Centro de Inteligencia Territorial: Mapping for society

LUIS M VALENZUELA //
Centro de Inteligencia TerritorialInvestigador Centro de Conflicto y Cohesión Social //
Santiago //
July 13th 2017 //

Looking through Luis´s books

Luis works at the Universidad Adolfo Ibañez in the DesignLAB. He is the Director of the Centre of Intelligent Territory. A Research Centre that uses mapping techniques to better understand the complex and interrelated functions of the city.  The research areas include socio-spatial, economic, urban planning policies, geo-demography and physical and cultural phenomena focused on the dynamics of people living and working in an urban environment. The Center has a territorial data base of 22 Chilean cities. One tool Mientorno.com is the first regional platform of geographical information presented in a unified, clear and comprehensible way. Inviting the user to explore more about the demographic, social and economic information in a zone or neighbourhood that they define.

In 2004 Luis worked on this book: Bringing the Harvard Yards to the River

fac_pub_busquets_bringing_harvard_yardsThe book contains maps that capture the multiple spaces and buildings, domains and landscapes, university spaces and city spaces, around the Harvard Campus. The book shows the physical reality of the Campus in relation to the city and  allows for a better understanding of its everyday spaces, their purposeful or underused functions. Giving the Campus a context outside of itself. The creation of this book inspired Luis´s ideas about intelligent territories and how territorial information could be mapped to give us a deeper understanding of the spaces and places we occupy.
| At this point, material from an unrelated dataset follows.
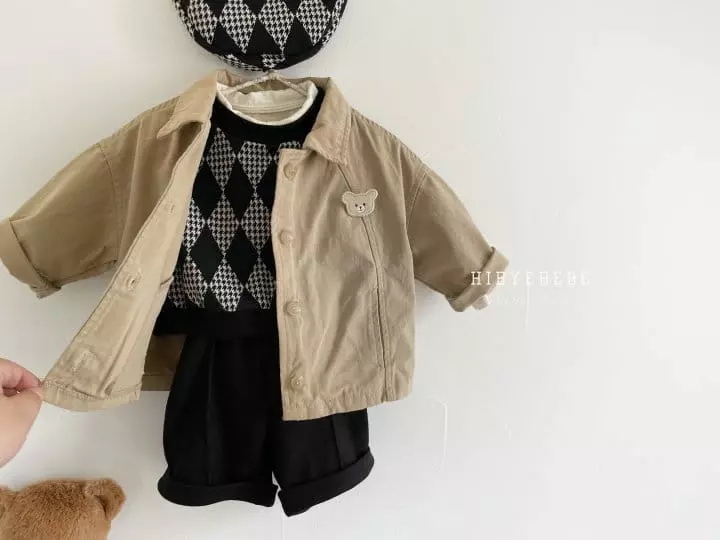 Hi Byebebe - Korean Baby Fashion - #babywear - Argyle Knit Vest - 10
In 2010 Luis was invited to create an exhibition in Santiago de Chile, asking questions to the city and showing the answers. There were eight maps in the exhibition. For example:

  • A map showing the locations of different protest movements.
  • A map that showed the cost of housing against cultural initiatives in the city. Discovering the territorial bias between wealth and access to culture. “There is a deep segregation.”
  • He mapped the central business districts in the city against information showing the time it takes from different parts of the city to travel to those places.
  • He mapped income v´s types of street markets and supermarkets. Showing the bias of supermarket locations with the higher income neighbourhoods. And street markets being in lower income neighbourhoods. The market therefore dictating the choices people have, and the hours in which they can shop for their food.
  • There was a map showing the density of construction v´s the (NIBES) not in my back yards. For example prisons, disposal sites, stadiums etc. Showing again the bias against lower cost higher density housing in the urban development of the city.
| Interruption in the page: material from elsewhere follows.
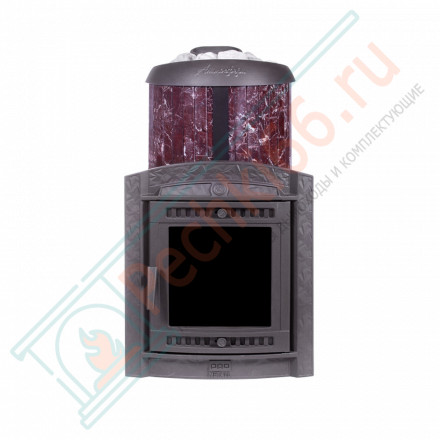 Банная печь Атмосфера XL, ламели "Россо Леванто" (ProMetall)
We learnt how the design of the city could be much more influenced and ruled by the evidence that exists in the city scape

He formed the Centre of Intelligent Territory to apply all the research to real solutions. Pushing the university to address what is really happening outside its walls. There are 20 people that work in the centre, geographers, architects, mathematicians. They are continuously modelling for several cities across Chile.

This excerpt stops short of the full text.